Should you ever get tired of building engines (god forbit), maybe a contraption like this could be a challenge 

[ame]http://www.youtube.com/watch?v=yiyzj80bPEY&feature=related[/ame]

Not sure where to obtain plans for the project :big: :big:


----------



## black85vette (Feb 19, 2010)

Fun video.

Looks like a good project for Zee! How about it Zee? You need another embedded processor project??  :big:


----------



## zeeprogrammer (Feb 19, 2010)

black85vette  said:
			
		

> Looks like a good project for Zee! How about it Zee? You need another embedded processor project??



I saw that video some time ago when I was searching for ideas for a hobby. It is very cool. Not sure if it's real or computer generated...does anyone know?

Thanks for posting it...I like that kind of stuff.

black85vette...the answer is YES...but not now!!! The embedded project at work is causing loss of sleep...won't be over until at least July...then six months to recover...but then another work project...hm...let's talk when I retire.


----------



## shred (Feb 19, 2010)

zeeprogrammer  said:
			
		

> I saw that video some time ago when I was searching for ideas for a hobby. It is very cool. Not sure if it's real or computer generated...does anyone know?
> 
> Thanks for posting it...I like that kind of stuff.


Alas it is computer generated and not real. http://www.snopes.com/photos/arts/musicmachine.asp


----------



## Bernd (Feb 20, 2010)

Here's were it originated from.
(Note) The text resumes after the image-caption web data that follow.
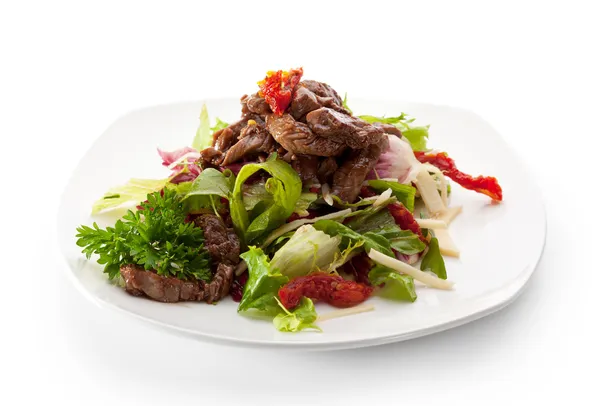 Salada de carne — Fotografia de Stock
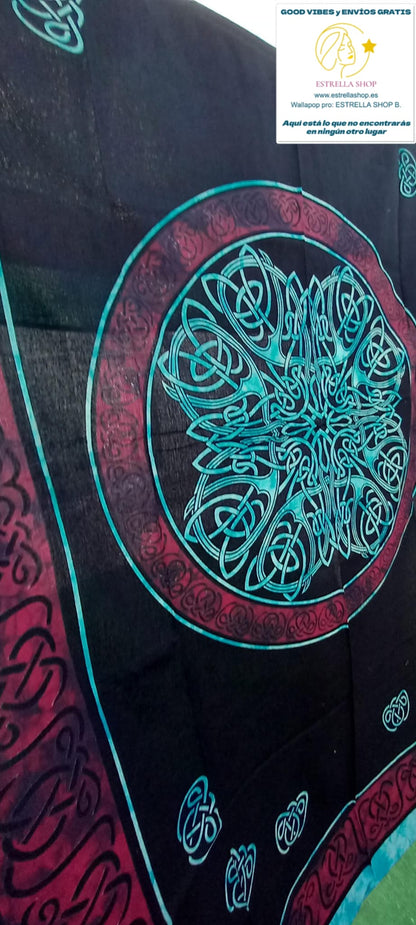 COLCHA MULTIFUNCIÓN AZUL TURQUESA CUBRE ALGODÓN 100% CAMA INDIVIDUAL CON ENVÍO GRATIS SIN PEDIDO MÍNIMO.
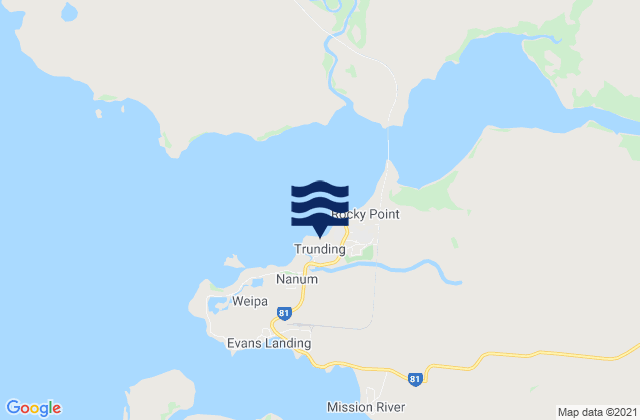 Mapa de mareas Weipa, Australia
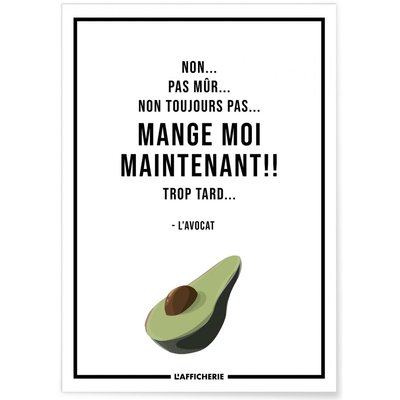 Affiche Avocat L'AFFICHERIE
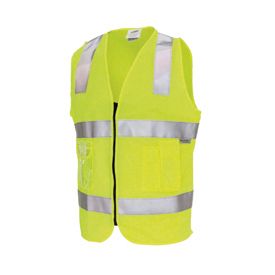 DNC 3507 REFLECTIVE HI VIS ZIP FRONT SAFETY VEST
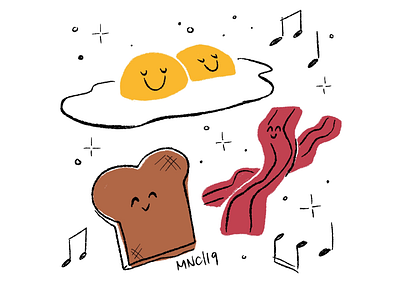 Eggs, Bacon, and Toast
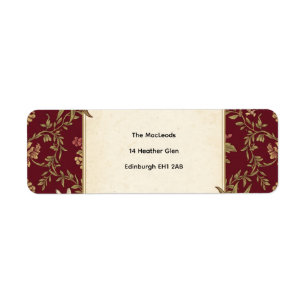 xxx return address label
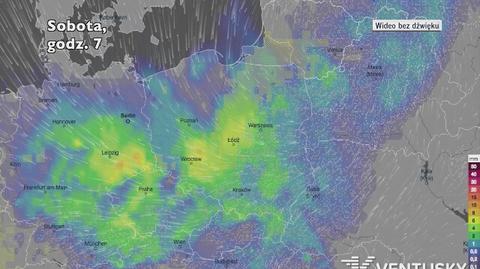 Opady w najbliższych dniach (ventusky.com)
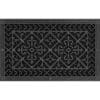Decorative grille Craftsman style Arts and Crafts 12" x 20" in Black finish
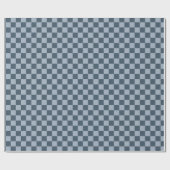 Papier Cadeau Dark Blue Checker Checkerboard Checkered 00s 90s (Plat)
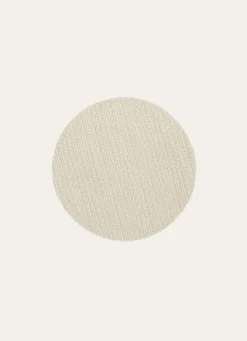 SET DE TABLE ROND TRESSÉ BEIGE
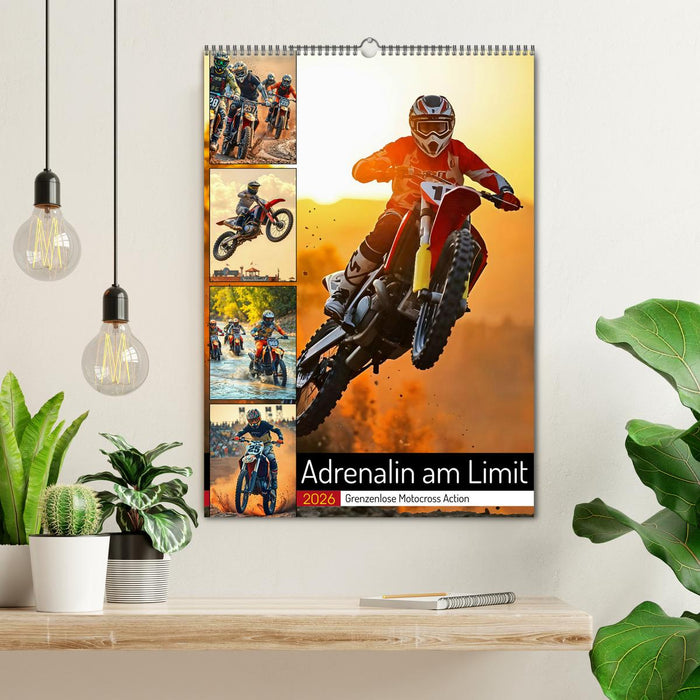 Adrenalin am Limit - Grenzenlose Motocross Action (CALVENDO Wandkalender 2026)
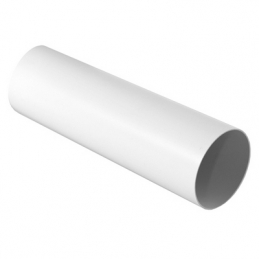 Tubo Tondo Per Sistema Di Aerazione Canalizzata Bianco - Diam. 100 Mm - Lungh. 1000 Mm 411-FCTR-1100B
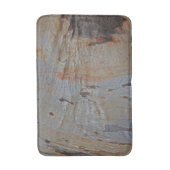 国素朴スタイル茶色の木の樹皮フォト自然 バスマット (正面縦)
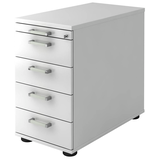 Artikelbild 1 für HAMMERBACHER Solid SC50 Standcontainer weiß 5 Auszüge 42,8 x 80,0 x 72,0 - 76,0 cm, Artikelnummer 593520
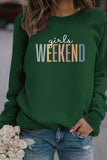 WOMEN WEEKEND PRINTING LONG SLEEVE PULLOVER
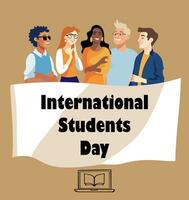 vetor ilustração Projeto conceito do internacional alunos dia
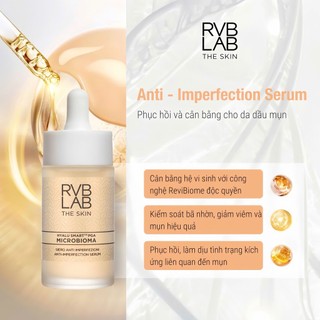 (TEM CÔNG TY) RVB LAB ANTI-IMPERFECTION SERUM - HUYẾT THANH CÂN BẰNG VI LỢI KHUẨN CHO DA MỤN (30ML)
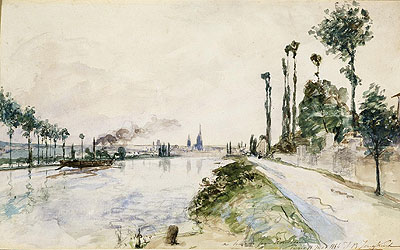 Jongkind | Rouen, 1863 | Giclée Paper Print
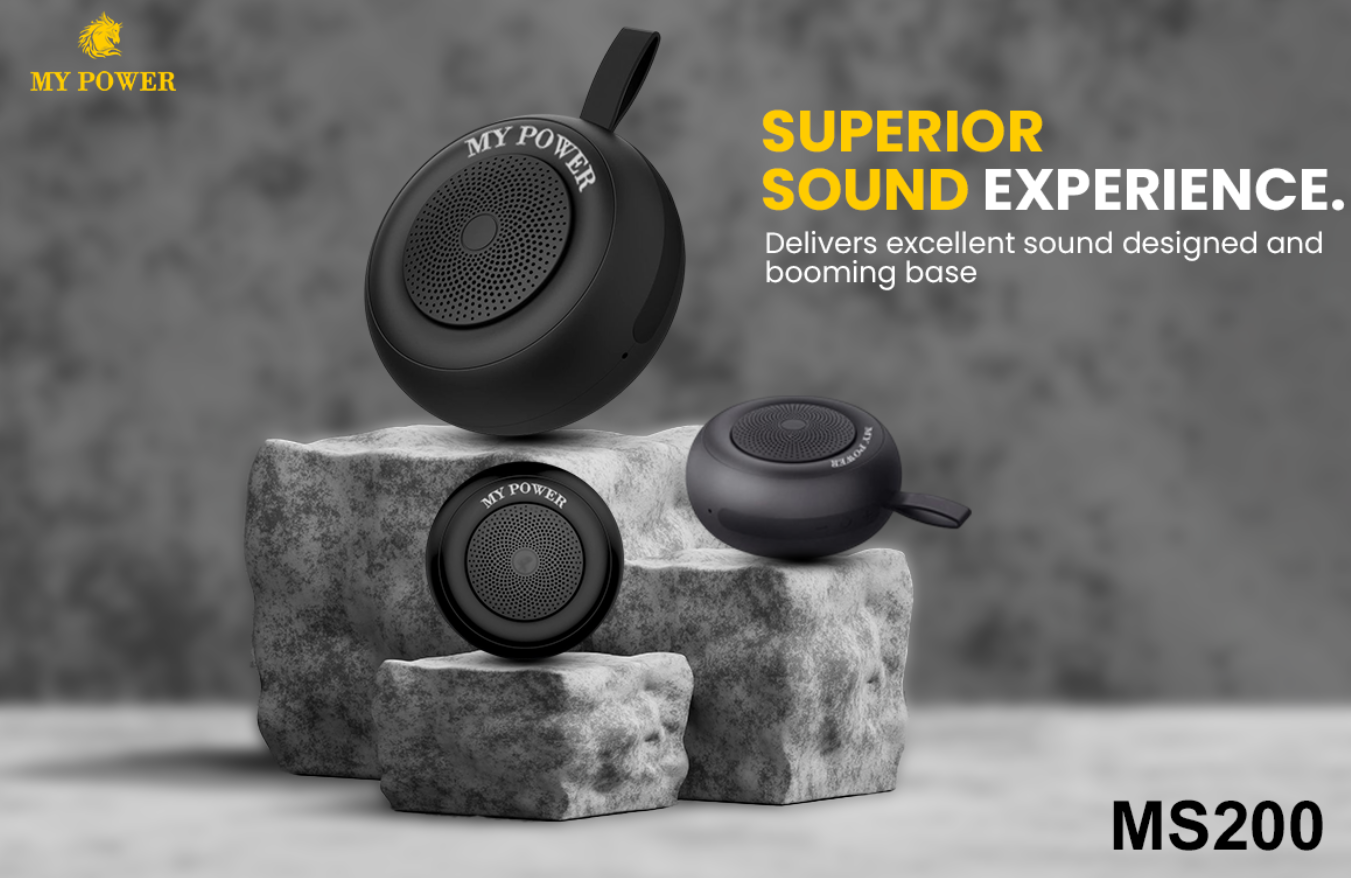 MyPower MS200 Portable Bluetooth speaker, Waterproof Speaker, High Sound Quality, Small size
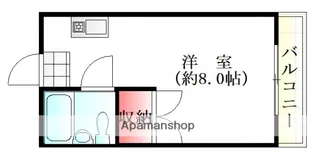 アルティメイトBUILDING天満【5階】の間取り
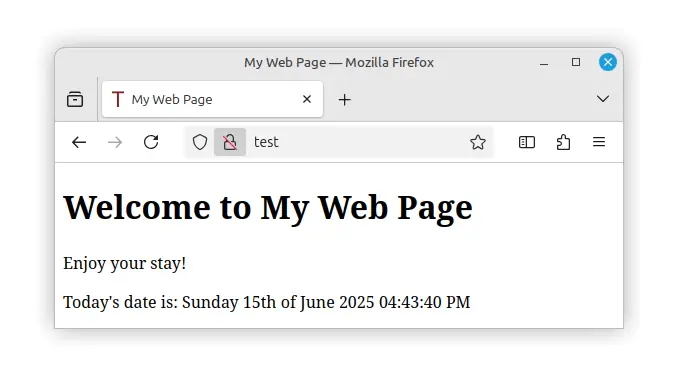 Dynamic PHP web page in a browser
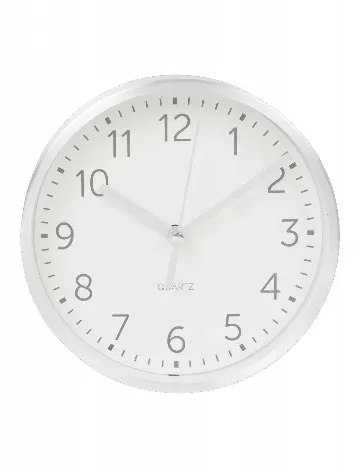 Ceas de perete ACTION, argintiu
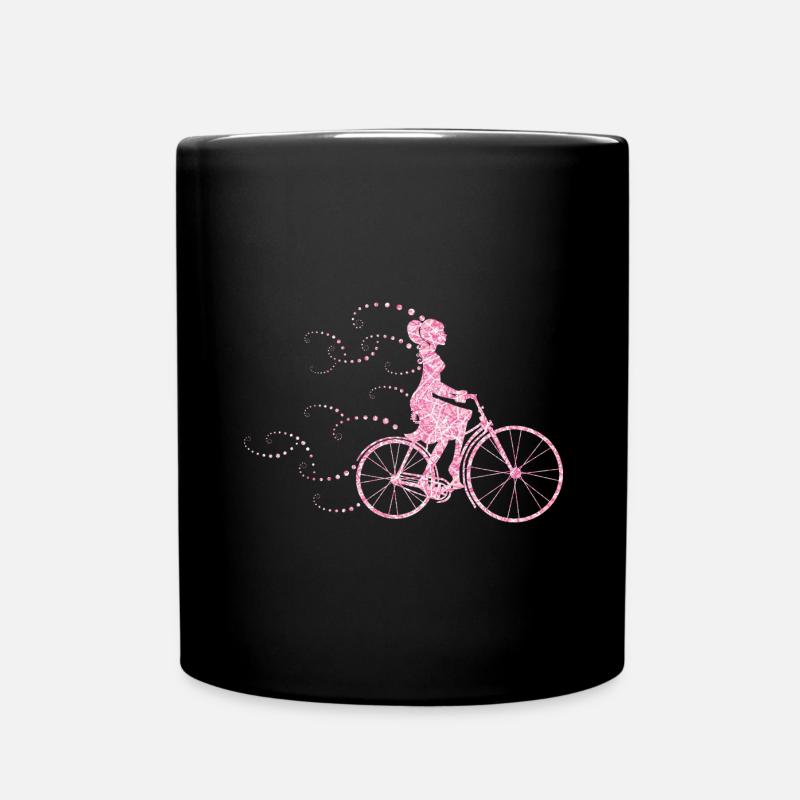 to go biking - Full Colour Mug - black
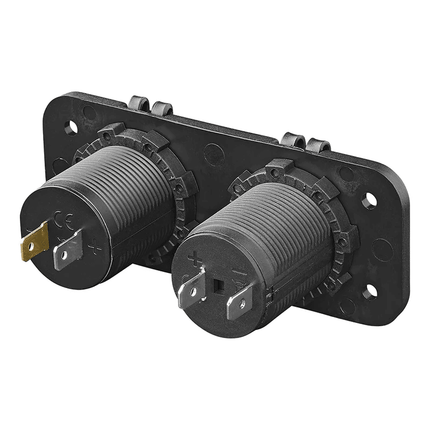 ProPlus ProPlus Inbouw kit: 12V Stekkerdoos + USB Snellader Type A + C 2 - weg 3A [Sigarettenaansteker Autocontraplug USB - C] PAT Europe 7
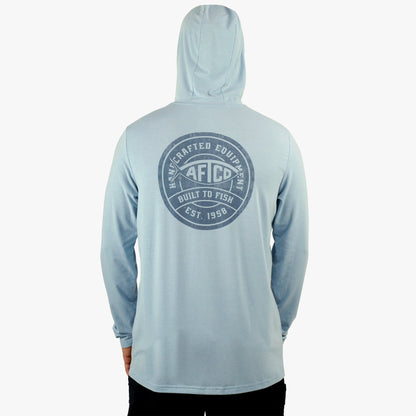Duck Green Heather Ocean Bound LS UPF Fishing Shirts / AFTCO Best Price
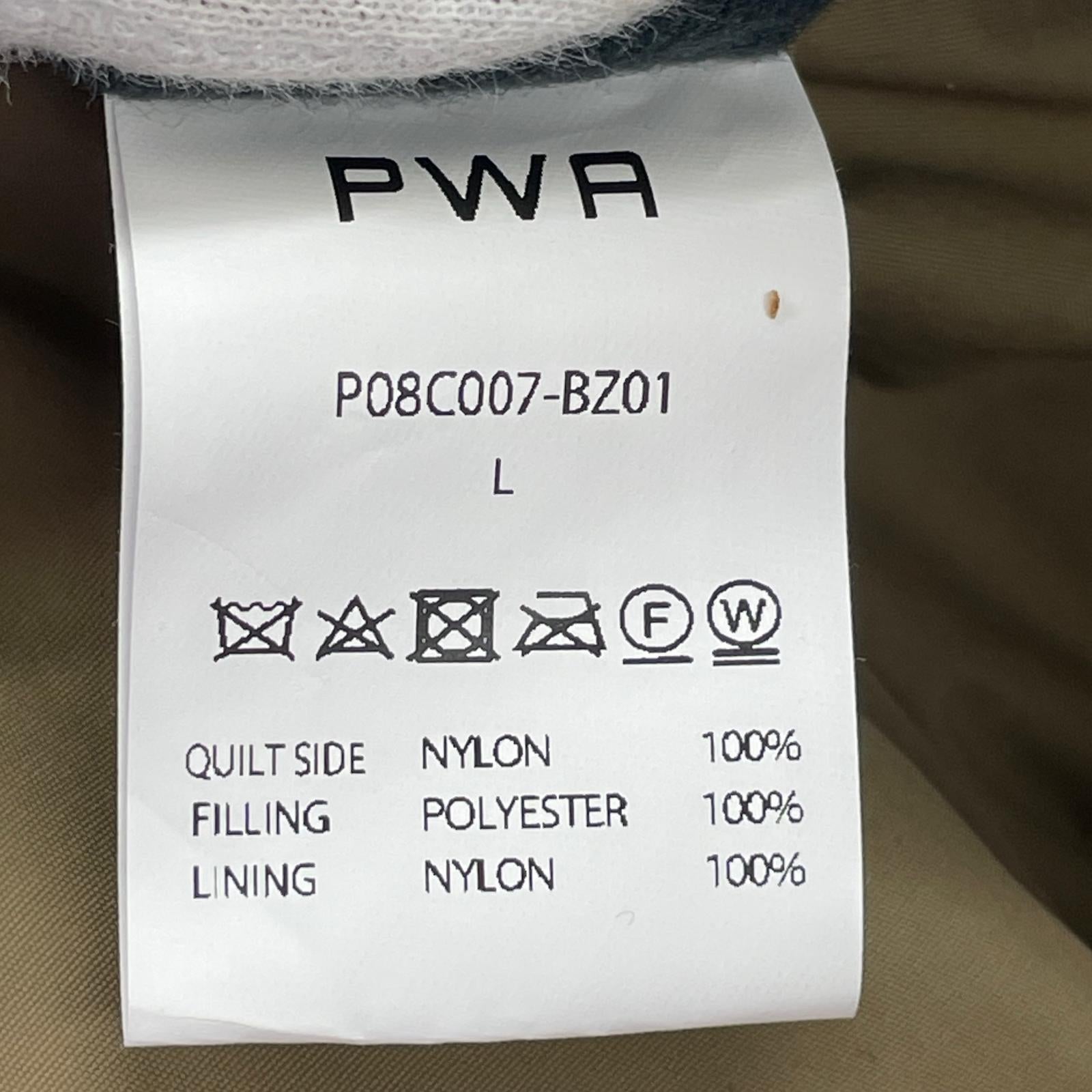 ジャケット PWA WO FACE QUILTED VEST CINNAMON L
There are more examples at the site.

http://www.animusic.com/previews/animusic1.php

Bernd


----------



## johnthomp (Apr 22, 2010)

zeeprogrammer  said:
			
		

> I saw that video some time ago when I was searching for ideas for a hobby. It is very cool. Not sure if it's real or computer generated...does anyone know?
> 
> Thanks for posting it...I like that kind of stuff.
> 
> black85vette...the answer is YES...but not now!!! The embedded project at work is causing loss of sleep...won't be over until at least July...then six months to recover...but then another work project...hm...let's talk when I retire.


 its definately computer generated a fella i did a loft conversion for has the software that does it hes some kind of musician artist who makes his money off musical art such as his computer controlled musical milkfloat wich some science useum gave him 400 grand for not bad !!!!! ( just wish id thought of it first)


----------